Information given |
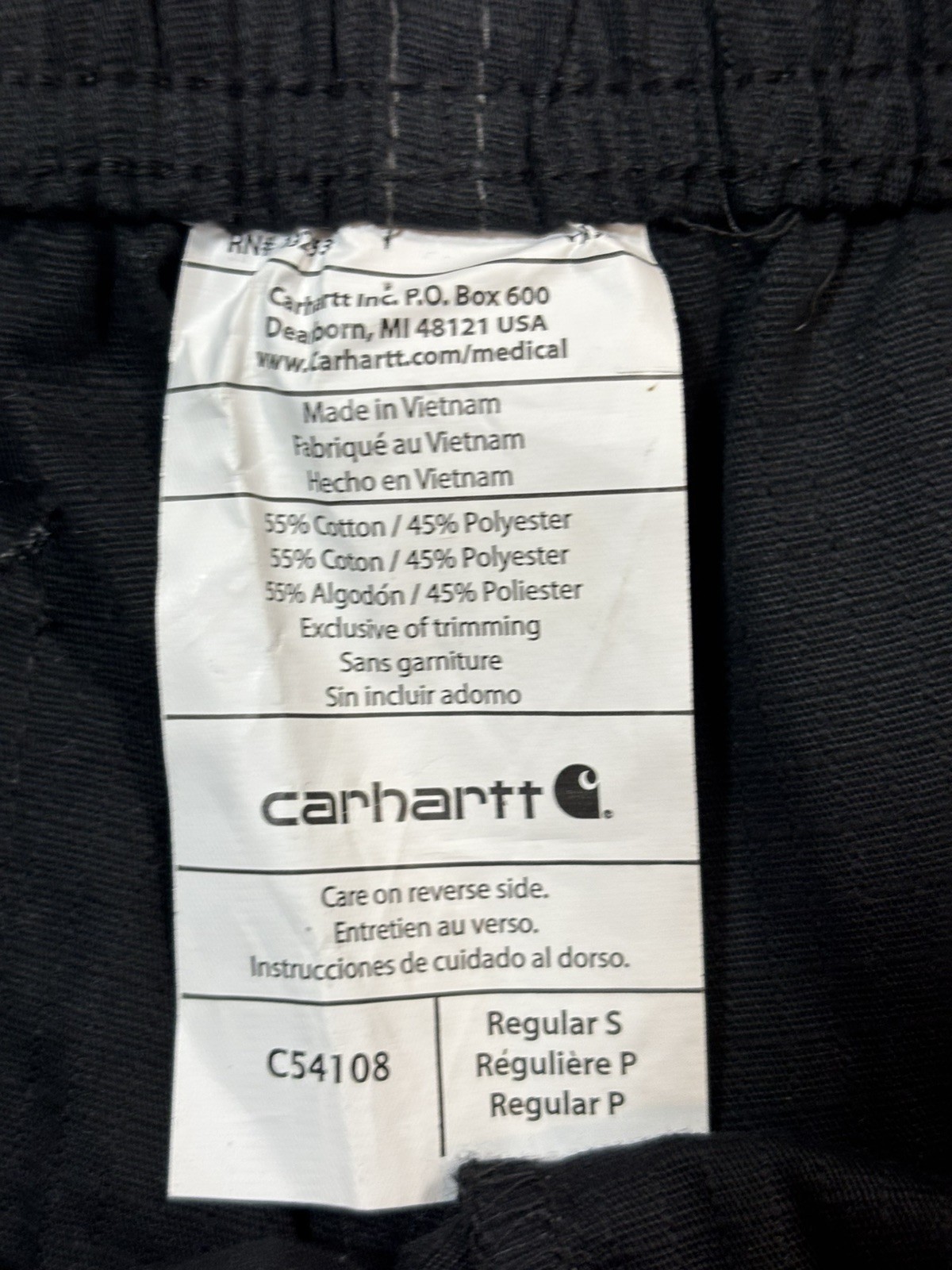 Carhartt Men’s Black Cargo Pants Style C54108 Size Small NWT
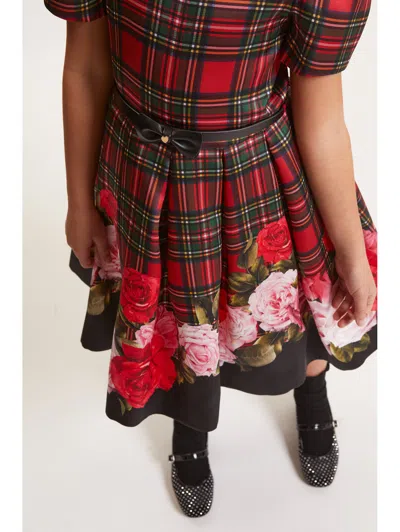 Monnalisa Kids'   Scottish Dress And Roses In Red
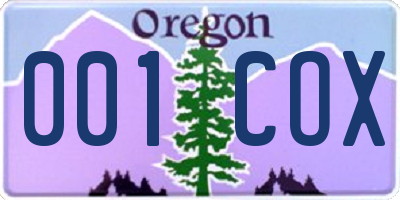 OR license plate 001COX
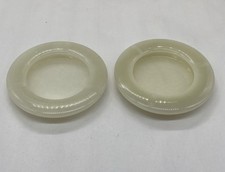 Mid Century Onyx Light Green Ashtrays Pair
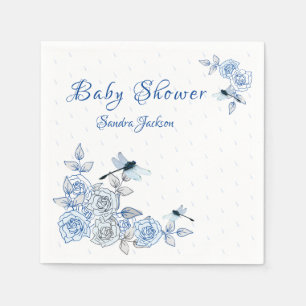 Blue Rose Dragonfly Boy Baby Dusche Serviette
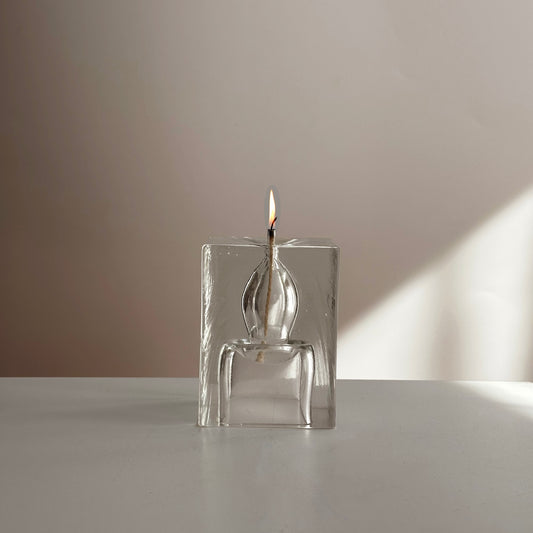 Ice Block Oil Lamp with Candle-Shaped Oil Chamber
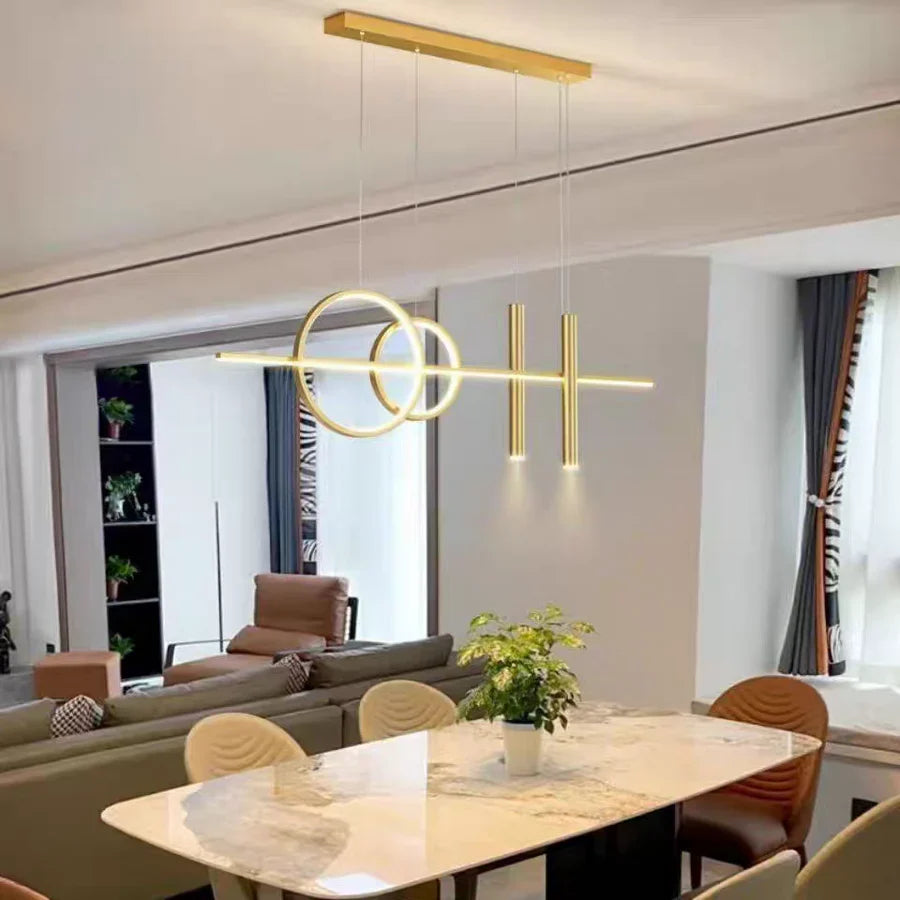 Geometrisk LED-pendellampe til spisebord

What to work on | Nothing but the lines from the one with "Mid Century Onyx Light Green Ashtrays Pair" through the last line of the material above should appear in the answer, each copied exactly, with no pictures.

Response to this task |
 Mid Century Onyx Light Green Ashtrays Pair
 Blue Rose Dragonfly Boy Baby Dusche Serviette
 Ice Block Oil Lamp with Candle-Shaped Oil Chamber
 Geometrisk LED-pendellampe til spisebord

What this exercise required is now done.